# Retired people having fun



## MalanCris (Apr 2, 2007)

Working people frequently ask retired people what they do to make their days interesting.

Well, for example, the other day my wife and I went into town and went into a shop. We were only in there for about 5 minutes. When we came out, there was a traffic warden writing out a parking ticket. We went up to him and said, 'Come on man, how about giving a senior citizen a break?' He ignored us and continued writing the ticket. I called him a Nazi t**d. He glared at me and started writing another ticket for having worn tyres. 

So my wife called him a s******d. He finished the second ticket and put it on the windscreen with the first. Then he started writing a third ticket. This went on for about 20 minutes. The more we abused him, the more tickets he wrote. 

Personally, we didn't care. We came into town by bus.
We try to have a little fun each day now that we're retired. It's important at our age.


----------



## Eamonn (Feb 19, 2007)

Class

I know a guy that was going to a football match and he couldnt get parking anywhere. He eventually parked illegally and went to the car beside him (also parked illegially) which had a ticket on the window. He took the ticket off and placed it on his own car, knowing that he would not get another one.......he wasnt retired either :lol:


----------



## Duadua (Feb 16, 2006)

Post removed by Duadua

Edit: Sorry, just noticed it's in the Jokes and Trivia section! So I hope it is and I've been well and truly kippered.


----------



## DABurleigh (May 9, 2005)

Hmmmmnn.

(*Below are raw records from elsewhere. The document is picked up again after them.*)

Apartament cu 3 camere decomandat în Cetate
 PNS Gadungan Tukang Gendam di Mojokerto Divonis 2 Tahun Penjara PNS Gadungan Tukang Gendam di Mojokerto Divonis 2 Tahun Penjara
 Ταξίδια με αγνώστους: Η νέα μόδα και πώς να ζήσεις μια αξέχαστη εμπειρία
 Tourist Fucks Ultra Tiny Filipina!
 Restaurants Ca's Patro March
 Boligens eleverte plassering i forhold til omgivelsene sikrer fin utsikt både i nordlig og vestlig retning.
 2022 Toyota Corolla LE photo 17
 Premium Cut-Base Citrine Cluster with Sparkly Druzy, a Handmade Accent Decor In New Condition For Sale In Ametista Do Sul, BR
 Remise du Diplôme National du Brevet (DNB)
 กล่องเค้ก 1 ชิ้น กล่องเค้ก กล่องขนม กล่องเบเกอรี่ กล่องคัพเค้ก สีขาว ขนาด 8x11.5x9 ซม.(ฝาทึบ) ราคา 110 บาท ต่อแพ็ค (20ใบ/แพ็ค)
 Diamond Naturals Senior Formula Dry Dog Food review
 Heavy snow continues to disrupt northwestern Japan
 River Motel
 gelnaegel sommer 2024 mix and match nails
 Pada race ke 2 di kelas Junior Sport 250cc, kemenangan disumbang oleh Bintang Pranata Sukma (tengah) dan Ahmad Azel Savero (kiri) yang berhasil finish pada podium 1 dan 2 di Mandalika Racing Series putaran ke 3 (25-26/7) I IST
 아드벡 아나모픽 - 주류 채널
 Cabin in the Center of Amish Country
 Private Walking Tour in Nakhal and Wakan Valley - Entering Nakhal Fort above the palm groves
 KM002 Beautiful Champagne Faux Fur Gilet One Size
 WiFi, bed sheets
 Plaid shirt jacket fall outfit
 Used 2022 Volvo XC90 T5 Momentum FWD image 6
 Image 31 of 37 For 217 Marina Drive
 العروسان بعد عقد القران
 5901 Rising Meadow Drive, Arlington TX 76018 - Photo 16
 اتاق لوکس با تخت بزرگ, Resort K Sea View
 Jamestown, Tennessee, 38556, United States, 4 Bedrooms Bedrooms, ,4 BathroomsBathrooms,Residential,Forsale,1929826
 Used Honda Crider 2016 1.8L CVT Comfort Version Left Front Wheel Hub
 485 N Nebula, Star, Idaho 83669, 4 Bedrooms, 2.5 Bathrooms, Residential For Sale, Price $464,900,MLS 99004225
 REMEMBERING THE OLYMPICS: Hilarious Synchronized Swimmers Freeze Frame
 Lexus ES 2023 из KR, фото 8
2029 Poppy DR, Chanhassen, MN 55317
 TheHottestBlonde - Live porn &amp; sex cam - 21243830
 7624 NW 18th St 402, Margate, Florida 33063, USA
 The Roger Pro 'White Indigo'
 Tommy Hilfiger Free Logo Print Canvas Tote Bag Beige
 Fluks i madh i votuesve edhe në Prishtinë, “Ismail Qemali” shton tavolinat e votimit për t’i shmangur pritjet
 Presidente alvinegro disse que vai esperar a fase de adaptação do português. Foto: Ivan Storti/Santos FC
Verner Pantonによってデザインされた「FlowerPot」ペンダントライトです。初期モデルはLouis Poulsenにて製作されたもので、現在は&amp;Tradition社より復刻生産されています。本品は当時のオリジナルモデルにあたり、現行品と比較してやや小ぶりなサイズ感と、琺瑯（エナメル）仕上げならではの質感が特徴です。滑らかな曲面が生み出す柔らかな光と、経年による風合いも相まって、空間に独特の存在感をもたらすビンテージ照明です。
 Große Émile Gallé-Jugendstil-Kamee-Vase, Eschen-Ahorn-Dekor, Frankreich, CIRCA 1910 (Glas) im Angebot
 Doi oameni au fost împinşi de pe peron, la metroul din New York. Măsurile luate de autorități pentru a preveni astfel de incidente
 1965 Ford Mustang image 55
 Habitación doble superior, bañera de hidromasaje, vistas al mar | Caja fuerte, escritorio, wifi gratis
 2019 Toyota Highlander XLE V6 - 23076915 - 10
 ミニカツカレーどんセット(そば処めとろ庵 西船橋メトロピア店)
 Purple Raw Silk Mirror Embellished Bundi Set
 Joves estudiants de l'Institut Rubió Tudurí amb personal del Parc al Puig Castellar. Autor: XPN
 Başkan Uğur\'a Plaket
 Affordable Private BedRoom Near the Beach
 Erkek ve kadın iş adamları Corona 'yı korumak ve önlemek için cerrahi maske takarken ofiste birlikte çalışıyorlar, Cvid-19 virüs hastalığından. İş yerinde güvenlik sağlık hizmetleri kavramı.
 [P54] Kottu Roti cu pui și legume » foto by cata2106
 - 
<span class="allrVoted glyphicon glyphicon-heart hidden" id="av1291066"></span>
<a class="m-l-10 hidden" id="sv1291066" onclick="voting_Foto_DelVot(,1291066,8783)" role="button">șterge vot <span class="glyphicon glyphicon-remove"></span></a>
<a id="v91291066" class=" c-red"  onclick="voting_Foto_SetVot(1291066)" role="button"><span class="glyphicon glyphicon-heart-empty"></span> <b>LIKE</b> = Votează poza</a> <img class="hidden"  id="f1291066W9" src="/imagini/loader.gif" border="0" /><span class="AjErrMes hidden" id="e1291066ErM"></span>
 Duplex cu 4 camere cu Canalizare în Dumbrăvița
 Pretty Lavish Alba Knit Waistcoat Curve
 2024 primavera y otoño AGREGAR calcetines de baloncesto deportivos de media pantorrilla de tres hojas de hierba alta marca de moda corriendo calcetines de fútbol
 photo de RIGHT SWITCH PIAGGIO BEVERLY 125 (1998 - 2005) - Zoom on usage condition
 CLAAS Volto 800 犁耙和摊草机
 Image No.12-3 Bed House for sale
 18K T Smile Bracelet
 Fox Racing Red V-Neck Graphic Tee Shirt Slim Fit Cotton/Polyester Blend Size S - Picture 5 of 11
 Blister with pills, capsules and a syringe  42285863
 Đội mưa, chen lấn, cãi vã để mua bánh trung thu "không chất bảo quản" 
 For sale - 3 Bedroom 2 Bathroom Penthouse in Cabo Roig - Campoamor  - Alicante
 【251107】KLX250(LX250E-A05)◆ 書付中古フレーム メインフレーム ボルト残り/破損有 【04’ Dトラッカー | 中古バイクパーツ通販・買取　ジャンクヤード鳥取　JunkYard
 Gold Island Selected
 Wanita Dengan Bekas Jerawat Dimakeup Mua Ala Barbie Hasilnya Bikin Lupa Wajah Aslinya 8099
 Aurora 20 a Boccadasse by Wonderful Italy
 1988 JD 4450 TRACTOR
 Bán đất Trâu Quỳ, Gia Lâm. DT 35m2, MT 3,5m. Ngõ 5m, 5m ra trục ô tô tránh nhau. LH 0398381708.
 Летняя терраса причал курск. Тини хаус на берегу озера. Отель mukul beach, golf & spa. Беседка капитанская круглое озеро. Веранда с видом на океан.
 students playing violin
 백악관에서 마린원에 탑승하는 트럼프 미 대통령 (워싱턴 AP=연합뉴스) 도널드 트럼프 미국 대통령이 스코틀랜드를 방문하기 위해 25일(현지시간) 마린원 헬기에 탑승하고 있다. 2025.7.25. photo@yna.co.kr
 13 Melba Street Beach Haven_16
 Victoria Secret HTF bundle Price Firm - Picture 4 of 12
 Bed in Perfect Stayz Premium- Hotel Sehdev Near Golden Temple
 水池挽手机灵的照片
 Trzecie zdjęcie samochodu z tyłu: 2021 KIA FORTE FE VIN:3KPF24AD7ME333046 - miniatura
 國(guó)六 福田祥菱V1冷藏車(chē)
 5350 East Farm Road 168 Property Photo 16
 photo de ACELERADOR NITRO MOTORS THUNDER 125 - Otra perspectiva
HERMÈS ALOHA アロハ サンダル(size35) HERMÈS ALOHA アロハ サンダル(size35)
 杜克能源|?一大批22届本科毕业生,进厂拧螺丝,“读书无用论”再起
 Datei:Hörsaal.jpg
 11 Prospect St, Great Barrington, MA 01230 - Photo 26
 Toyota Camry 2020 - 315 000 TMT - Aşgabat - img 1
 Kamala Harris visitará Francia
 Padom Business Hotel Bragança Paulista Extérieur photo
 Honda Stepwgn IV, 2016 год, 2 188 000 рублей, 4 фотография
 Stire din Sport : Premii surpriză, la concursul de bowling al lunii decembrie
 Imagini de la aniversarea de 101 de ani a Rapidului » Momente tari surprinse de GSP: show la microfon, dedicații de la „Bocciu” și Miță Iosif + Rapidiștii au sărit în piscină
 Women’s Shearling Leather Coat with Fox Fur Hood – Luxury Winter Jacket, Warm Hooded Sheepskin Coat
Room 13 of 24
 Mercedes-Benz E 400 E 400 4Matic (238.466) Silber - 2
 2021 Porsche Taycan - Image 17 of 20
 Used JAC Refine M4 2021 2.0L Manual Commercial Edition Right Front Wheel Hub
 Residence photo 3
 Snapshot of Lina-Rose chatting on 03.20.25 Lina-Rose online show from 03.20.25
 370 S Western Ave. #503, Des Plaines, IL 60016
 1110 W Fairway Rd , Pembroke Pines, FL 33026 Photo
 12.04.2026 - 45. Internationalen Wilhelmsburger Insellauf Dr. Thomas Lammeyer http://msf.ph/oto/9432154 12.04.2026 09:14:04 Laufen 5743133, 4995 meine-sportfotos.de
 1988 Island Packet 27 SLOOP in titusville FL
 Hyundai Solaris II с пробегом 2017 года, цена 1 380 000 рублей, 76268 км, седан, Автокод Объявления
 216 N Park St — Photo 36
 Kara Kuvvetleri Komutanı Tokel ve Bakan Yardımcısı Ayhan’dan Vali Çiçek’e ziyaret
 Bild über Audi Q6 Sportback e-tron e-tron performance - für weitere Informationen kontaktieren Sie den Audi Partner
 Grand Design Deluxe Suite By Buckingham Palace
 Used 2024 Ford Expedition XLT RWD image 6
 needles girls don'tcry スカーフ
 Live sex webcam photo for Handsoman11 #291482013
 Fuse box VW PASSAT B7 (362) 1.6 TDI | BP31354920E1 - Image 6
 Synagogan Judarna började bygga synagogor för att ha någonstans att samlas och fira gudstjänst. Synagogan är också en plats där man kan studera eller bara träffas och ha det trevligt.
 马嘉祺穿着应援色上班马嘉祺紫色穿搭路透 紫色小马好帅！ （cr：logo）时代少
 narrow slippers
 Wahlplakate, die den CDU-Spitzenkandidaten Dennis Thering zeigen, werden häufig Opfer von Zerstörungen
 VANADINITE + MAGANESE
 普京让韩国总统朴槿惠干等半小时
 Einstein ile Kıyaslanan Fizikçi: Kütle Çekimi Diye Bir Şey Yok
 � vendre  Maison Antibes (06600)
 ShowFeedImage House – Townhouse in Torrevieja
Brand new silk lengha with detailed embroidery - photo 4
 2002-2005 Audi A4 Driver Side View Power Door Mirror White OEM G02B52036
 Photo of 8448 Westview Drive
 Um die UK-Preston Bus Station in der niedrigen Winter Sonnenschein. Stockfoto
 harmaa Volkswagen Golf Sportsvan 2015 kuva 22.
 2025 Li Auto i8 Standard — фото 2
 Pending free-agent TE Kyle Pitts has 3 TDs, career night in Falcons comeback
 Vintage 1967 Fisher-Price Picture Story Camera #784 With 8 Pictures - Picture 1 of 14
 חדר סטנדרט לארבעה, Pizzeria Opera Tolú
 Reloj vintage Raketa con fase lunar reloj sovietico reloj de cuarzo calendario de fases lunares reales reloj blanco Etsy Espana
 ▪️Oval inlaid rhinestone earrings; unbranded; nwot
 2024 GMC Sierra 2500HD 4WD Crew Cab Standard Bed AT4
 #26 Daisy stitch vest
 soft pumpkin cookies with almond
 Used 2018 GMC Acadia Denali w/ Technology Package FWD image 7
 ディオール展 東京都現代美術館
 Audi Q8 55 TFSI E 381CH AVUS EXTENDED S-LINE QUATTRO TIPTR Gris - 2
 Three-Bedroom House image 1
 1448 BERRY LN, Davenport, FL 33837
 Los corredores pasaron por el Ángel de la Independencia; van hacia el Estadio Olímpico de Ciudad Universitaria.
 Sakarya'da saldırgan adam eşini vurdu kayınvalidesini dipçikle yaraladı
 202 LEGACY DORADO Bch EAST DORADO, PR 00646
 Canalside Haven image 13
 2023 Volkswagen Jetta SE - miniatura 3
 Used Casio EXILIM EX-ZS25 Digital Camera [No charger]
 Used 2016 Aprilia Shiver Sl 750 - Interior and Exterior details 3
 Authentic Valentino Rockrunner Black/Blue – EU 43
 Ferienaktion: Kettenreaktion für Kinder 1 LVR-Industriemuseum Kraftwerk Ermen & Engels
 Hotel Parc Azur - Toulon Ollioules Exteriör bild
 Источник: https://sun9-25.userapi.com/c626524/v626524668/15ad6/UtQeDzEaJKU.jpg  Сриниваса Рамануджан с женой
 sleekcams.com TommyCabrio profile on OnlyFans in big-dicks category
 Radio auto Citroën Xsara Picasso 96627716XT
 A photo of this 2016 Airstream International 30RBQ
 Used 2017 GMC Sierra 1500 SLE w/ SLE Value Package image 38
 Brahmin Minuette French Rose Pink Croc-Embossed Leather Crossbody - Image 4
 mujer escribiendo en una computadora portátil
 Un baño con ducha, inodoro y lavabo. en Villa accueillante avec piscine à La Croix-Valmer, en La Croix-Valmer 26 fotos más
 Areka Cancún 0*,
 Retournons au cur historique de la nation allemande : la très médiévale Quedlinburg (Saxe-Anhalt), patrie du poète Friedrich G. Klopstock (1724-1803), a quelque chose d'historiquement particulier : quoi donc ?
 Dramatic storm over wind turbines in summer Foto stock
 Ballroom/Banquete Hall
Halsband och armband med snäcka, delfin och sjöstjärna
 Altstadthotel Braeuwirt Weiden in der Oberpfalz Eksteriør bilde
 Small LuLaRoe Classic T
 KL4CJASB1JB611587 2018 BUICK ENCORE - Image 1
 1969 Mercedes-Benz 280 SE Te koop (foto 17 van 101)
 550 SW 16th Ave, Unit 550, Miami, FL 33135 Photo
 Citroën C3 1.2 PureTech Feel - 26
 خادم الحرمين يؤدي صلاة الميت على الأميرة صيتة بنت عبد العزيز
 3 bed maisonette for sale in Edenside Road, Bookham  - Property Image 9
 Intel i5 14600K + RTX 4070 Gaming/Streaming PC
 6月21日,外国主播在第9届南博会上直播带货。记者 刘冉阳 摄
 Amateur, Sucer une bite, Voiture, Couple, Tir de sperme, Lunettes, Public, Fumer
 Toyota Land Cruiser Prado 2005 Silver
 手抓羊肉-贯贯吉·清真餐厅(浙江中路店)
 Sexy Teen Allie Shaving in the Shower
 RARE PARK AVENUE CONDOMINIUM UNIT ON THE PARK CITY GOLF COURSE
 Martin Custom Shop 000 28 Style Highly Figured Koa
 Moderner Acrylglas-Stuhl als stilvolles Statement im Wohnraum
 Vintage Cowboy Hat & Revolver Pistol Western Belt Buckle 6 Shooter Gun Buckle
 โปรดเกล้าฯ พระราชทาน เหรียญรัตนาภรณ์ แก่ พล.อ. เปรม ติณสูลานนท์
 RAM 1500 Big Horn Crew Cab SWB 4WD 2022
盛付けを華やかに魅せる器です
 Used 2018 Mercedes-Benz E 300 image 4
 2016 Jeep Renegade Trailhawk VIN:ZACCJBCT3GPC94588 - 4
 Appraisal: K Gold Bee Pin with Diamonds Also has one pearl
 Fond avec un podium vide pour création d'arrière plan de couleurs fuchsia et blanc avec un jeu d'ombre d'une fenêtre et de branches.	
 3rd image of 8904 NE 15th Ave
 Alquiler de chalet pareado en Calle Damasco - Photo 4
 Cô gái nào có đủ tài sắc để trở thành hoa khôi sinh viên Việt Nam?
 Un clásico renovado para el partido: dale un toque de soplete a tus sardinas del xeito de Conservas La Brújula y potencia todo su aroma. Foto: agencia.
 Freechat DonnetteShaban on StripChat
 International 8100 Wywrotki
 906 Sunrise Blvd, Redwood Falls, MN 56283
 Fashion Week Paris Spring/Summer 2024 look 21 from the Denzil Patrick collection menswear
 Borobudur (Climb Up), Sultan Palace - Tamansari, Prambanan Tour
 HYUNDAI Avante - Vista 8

I think I ought to be guided by the forum title rather than the lack of emoticons so far in this thread!


----------



## badger (May 9, 2005)

Well I enjoyed it!! :lol:


----------



## Duadua (Feb 16, 2006)

MalanCris

Just looked up your many contributions to the Jokes and Trivia forum.

I have removed my "disgusted from Tonbridge Wells" post above, understanding better now that it was a joke.

Many apologies if you read it.

Duadua


----------



## MalanCris (Apr 2, 2007)

I always try not to offend anyone if possible - just like to bring a smile to people :lol:


----------



## Duadua (Feb 16, 2006)

followed by :lol:


----------